I just posted something very similar in the course so I apologize if this is considered spammy, but I hoped it might be more visible here.
Something I've been really trying to improve upon is getting rid of wrong answer choices quickly. I watch JY do it in the videos and know that being able to adopt this skill is crucial to cutting down on time. I'm not talking about when something is factually out-of-left-field or an obvious conditional reversal, but more when the first part of an answer choice is not enough to make it right, but may have additional information that doesn't make it wrong and hence shouldn't be eliminated. I have no trouble understanding why he will cross off an idea--I do see why it's not fully correct--I just can't seem to nail down when you know that it's sufficient information to be able to eliminate it and look at other answer choices.
This came up most recently on PT 34, 2
#23, a LR MBT question. Basically, the first part of the correct answer choice did not provide information that would make it the credited response. It was simply irrelevant. So how do you know when something is irrelevant vs. absolutely wrong?
I guess this will be more of an issue on some types of questions more than others and so I can focus on some type-specific strategies, but I have seen this on main point questions in RC, which is where I WOULDN'T expect to see it. I can't think of any specific instances at the moment, but I feel like I've seen a couple correct main point questions include a little detail that really isn't crucial to the main idea, but the rest of the choice is a perfect match and the other answer choices are very clearly wrong.

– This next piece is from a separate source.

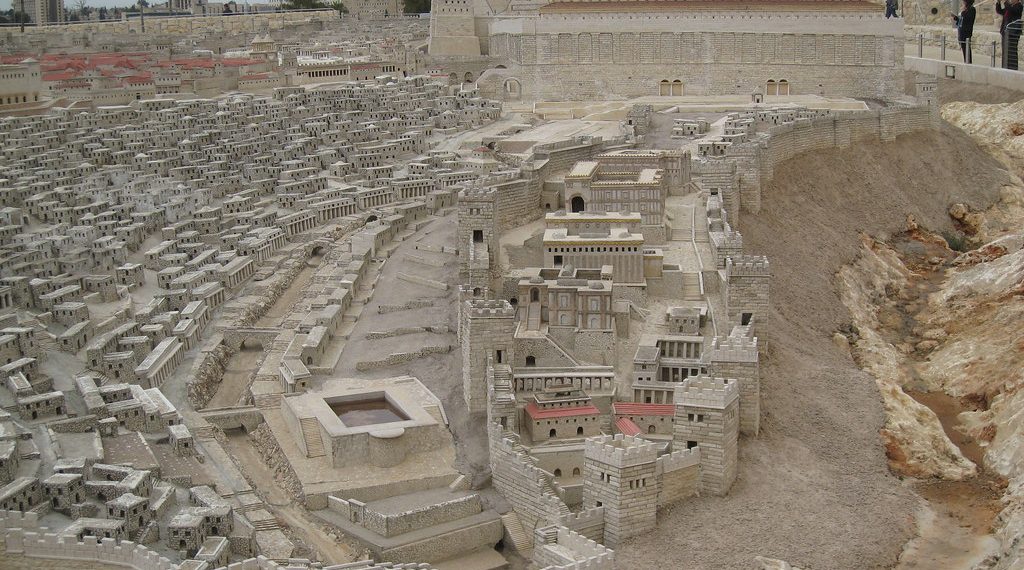 Kilde : Wikimedia Commons En modell av det gamle Jerusalem.  f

Similarly, I get why JY might immediately eliminate a answer choice that is asking you to make an inference off of a necessary condition, but I'm just afraid that the answer choice might either make this detail irrelevant or say something like *you can't conclude anything about this* at the end. I know this will occur much less frequently than it won't, but I know a big weakness of mine is eliminating all answer choices and panicking. (I'm getting better at rereading the question stem to make sure I didn't miss a crucial detail and if not, just skipping it, but I'd still like to just avoid this in general.) I've been contemplating making different notations for answer choices that are straight up wrong or have something wrong enough that I don't like it and moved on without finishing it so that if I do get into this situation, I don't have to revisit all answer choices, and can also study where I'm doing this correctly/incorrectly in BR, but other than that, I'm stuck.
I understand that with practice I will see more patterns and develop more confidence, but I feel like there is some strategy here and would appreciate your thoughts!